EL REENCUENTRO CON COLOMBIA
La vida ha sido buena conmigo, y he podido regresar no sólo una sino muchas veces a Colombia. Quizás es como he dicho en diversas oportunidades por ahí, que tanto amor por Colombia no puede sino ser correspondido de igual manera. Esa debe ser la razón por la cual he tenido el privilegio de regresar a esa tierra tan querida en varias oportunidades en los últimos años.
Ya no viajo a Colombia para estudiar como lo hice en las dos primeras oportunidades, no porque piense que ya no necesito aprender, sino porque ahora es el tiempo de hacerle caso a lo que me sugiere el corazón. Aunque ahora no viajo a Colombia con el propósito específico de conocer lugares nuevos, siempre termino descubriendo rincones mágicos.
Cuando la oportunidad se presentó, el primer viaje de regreso se constituyó en un entusiasmo gigante desde el momento en que la decisión fue tomada. Los preparativos, la compra de los pasajes, el dejar todo al día en la universidad… todas esas actividades llenaron mis días e impidieron que la ansiedad se apoderara de mi.

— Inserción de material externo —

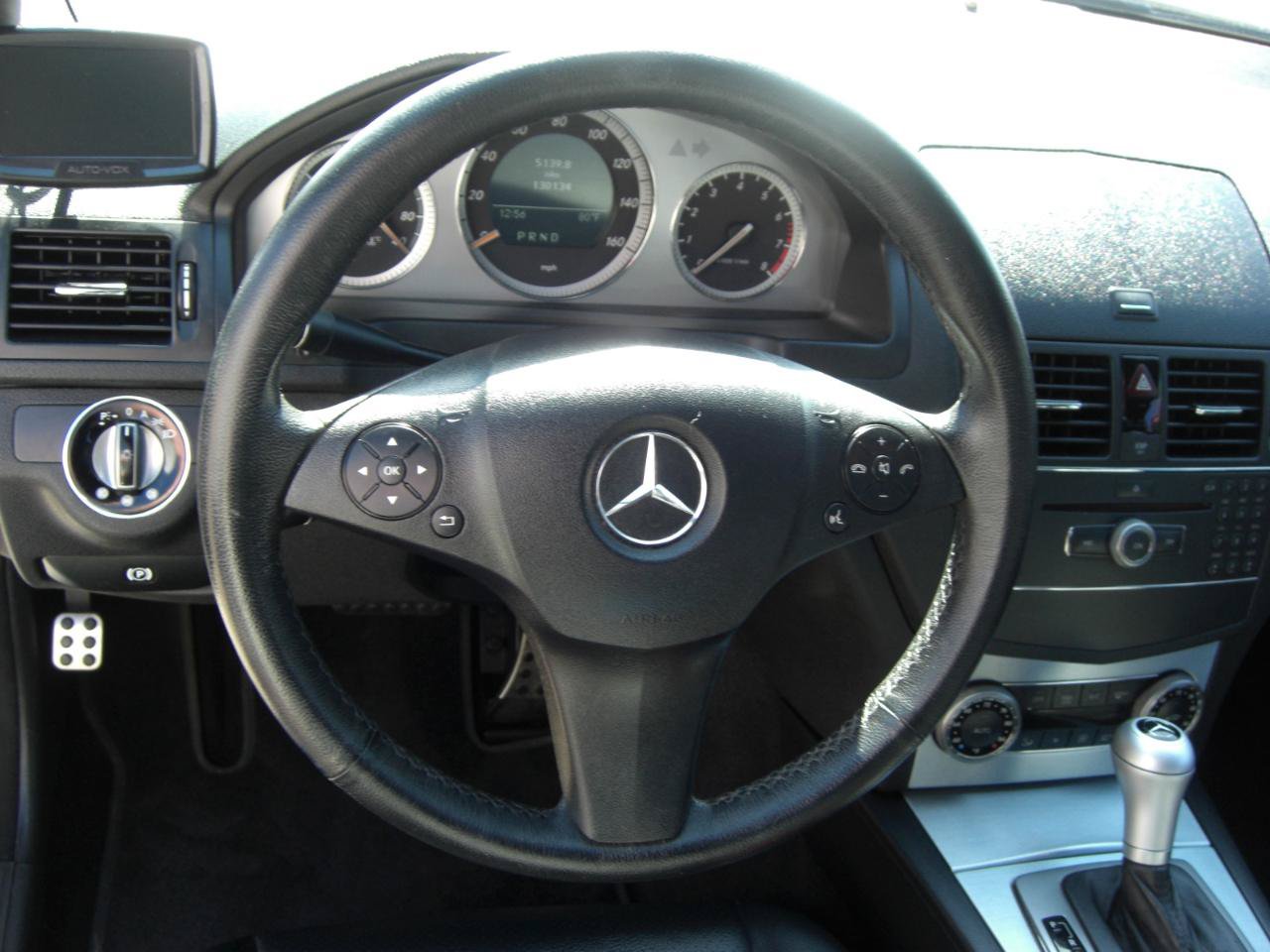 Used 2008 Mercedes-Benz C 300 Sedan image 10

¡Doce años de espera fue algo interminable! Pero todo ocurre a su debido tiempo…. ¡Ni antes. . . . ni después! Muchas veces uno no comprende los motivos ni las circunstancias por las que se producen los hechos en la vida. ¡Por doloroso que pueda resultar, por alguna razón las cosas ocurren de cierta manera!
El primer viaje fue una emoción pura e intensa desde que salí de Valdivia. La espera en Santiago para abordar el avión la viví con ansiedad creciente conforme pasaban las horas, pero asumiendo y disfrutando cada minuto como parte de una experiencia inolvidable.
Nunca un viaje en avión tuvo para mí una llegada a destino más espectacular. Como si yo mismo lo hubiera podido planificar, el avión debió realizar un sobrevuelo por los alrededores de la capital colombiana a la espera de su turno para el aterrizaje en la congestionada pista del aeropuerto. Dos giros grandes y completos sobre Ambalema en una deliciosa tarde parcialmente soleada fueron el saludo de bienvenida y reencuentro que nos dimos Colombia y yo. “Fuera de programa” y directamente bajo mí pude contemplar extasiado en cada giro el intenso verdor del valle del río Magdalena, que serpentea tranquilo buscando desde ya el Caribe. Los ojos se posaron con cariño y gratitud sobre esos paños verdes y sobre los bosques de guaduas… Y yo no pude evitar que se me empañara la visión mientras miles de recuerdos se sucedieron raudamente.
Y así ha sido también en los arribos posteriores. Primero las gruesas y blancas nubes que no dejan ver nada y que hacen crecer aún más la expectación, luego el verde intenso de las montañas que aparecen fugazmente en los irregulares claros que se forman allá arriba, después los invernaderos de los cultivos de flores que se multiplican ordenadamente sobre la sabana, y finalmente esa tenue bruma que filtra con delicadeza el baño de sol sobre algunos sectores de Bogotá. Sí, allá abajo nos recibe la hermosa capital de Colombia. Desde lejos reconozco los clásicos rascacielos del Centro Internacional, y busco con ansiosa mirada la figura blanca de Monserrate brillando en las alturas de los contrafuertes cordilleranos, desde donde vigila silenciosa el acontecer diario en las calles y carreras de la ciudad. Naranjo y verde, armonía tan grata en la combinación del ladrillo y la vegetación. Todo tal cual lo recordaba. Y ya el avión desciende con seguridad sobre la pista de El Dorado.
Un aplauso cerrado y espontáneo de todos los pasajeros premia la impecable maniobra de aterrizaje. Seco mis ojos con alegría y me dispongo a vivir, segundo a segundo, el ansiado encuentro.